441 Views Asked by At

I understand why $\vec{{P}}$ (the orthogonal projection of $\vec{{b}}$ on w)
is the closest vector to $\vec{{b}}$ (The vector that does not give us a solution to the
equation and that's why we need to do the process)

But I do not understand the equation:
$$A^TA\vec{{x}}=A^T \vec{{b}}$$ Why does multiplying each side of the original equation $A\vec{{x}}=\vec{{b}}$ (We know she has no answer) by $A^T$ give us the closest answer?
Thank you

3

There are 3 best solutions below

5
On BEST ANSWER

Given vector $\vec b$ and matrix $A$, the goal is to find $\vec x$ so that $A\vec x$ is as close to $\vec b$ as possible.

Let $W$ be the subspace of all vectors of the form $A\vec x$. Observe that $W$ is the set of all linear combinations of columns of $A$.

We are looking for the vector in $W$ that is closest to $\vec b$. Write $A\hat x$ for this vector. By the projection theorem, $A\hat x$ is the orthogonal projection of $\vec b$ onto $W$. Equivalently, $A\hat x-\vec b$ is orthogonal to every vector in $W$. As a special case, we conclude:

$$ \text{$A\hat x-\vec b$ is orthogonal to every column of matrix $A$}. \tag{*}$$

Constraint (*) can be written in matrix form as: $$ A^T(A\hat x-b) = 0,$$ which leads to the equation $A^TA\hat x=A^T\vec b$.

0
On

I'm not able to comment, but my answer to: How to formulate ordinary least squares regression in component formalism? may address your question. The reason multiplying each side by $A^T$ helps is that while $A$ may not have an inverse, $A^TA$ typically does, allowing you to solve for $\vec{x}$.

0
On

@nosuchthingasmagic gives a link to a question that gives a calculus-based derivation. Here's another one.

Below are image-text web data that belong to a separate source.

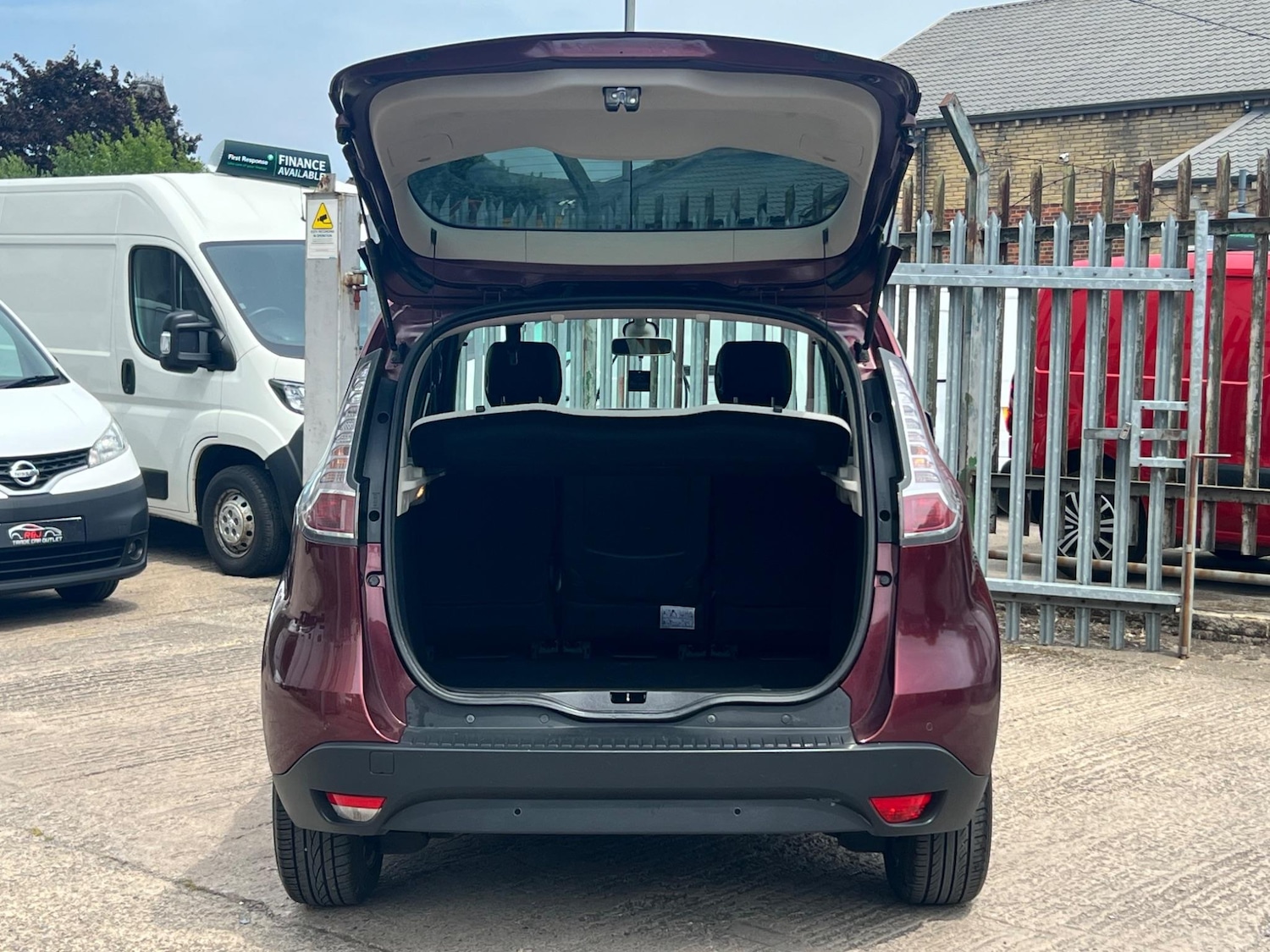 Vehicle 21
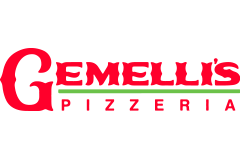 Gemelli's Pizzeria logo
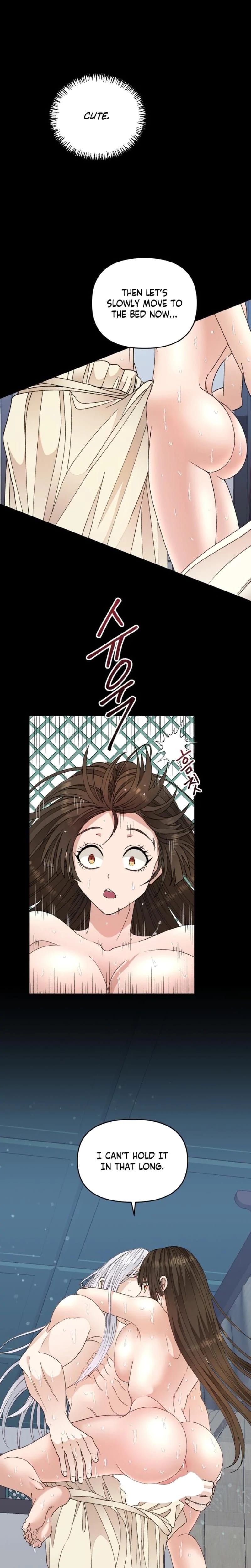 The White-Haired Man (Uncensored), chapter 14, page 9 of 24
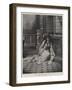 Mrs Patrick Campbell as Juliet, at the Lyceum, Act Iii, Scene 5-null-Framed Giclee Print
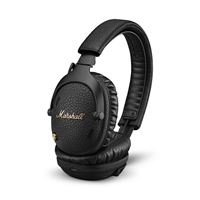 Casque audio arceau circum-aural sans fil Marshall Monitor III ANC avec réduction de bruit active Noir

The standard notation is $\vec y = X \vec {\beta}$. Then we note that this has no exact solution, so really $X \vec {\beta} = \vec y + \vec {\epsilon}$. If $\vec \beta$ is optimal, then $X^T \vec {\epsilon}=\vec 0$. So when we multiply both sides by $X$, $\epsilon$ disappears and we're left with $X^TX \vec {\beta} = X^T\vec y$.

Why $X^T \vec {\epsilon}=\vec 0$? Well, that's saying that every row of $X^T$ is orthogonal to $\vec {\epsilon}$. And the rows of $X^T$ represent all the observations of a particular feature. So this is saying that for each feature, the observations of that feature are uncorrelated with the errors. If there were a correlation, we could adjust the corresponding $\beta_i$ to get a better fit.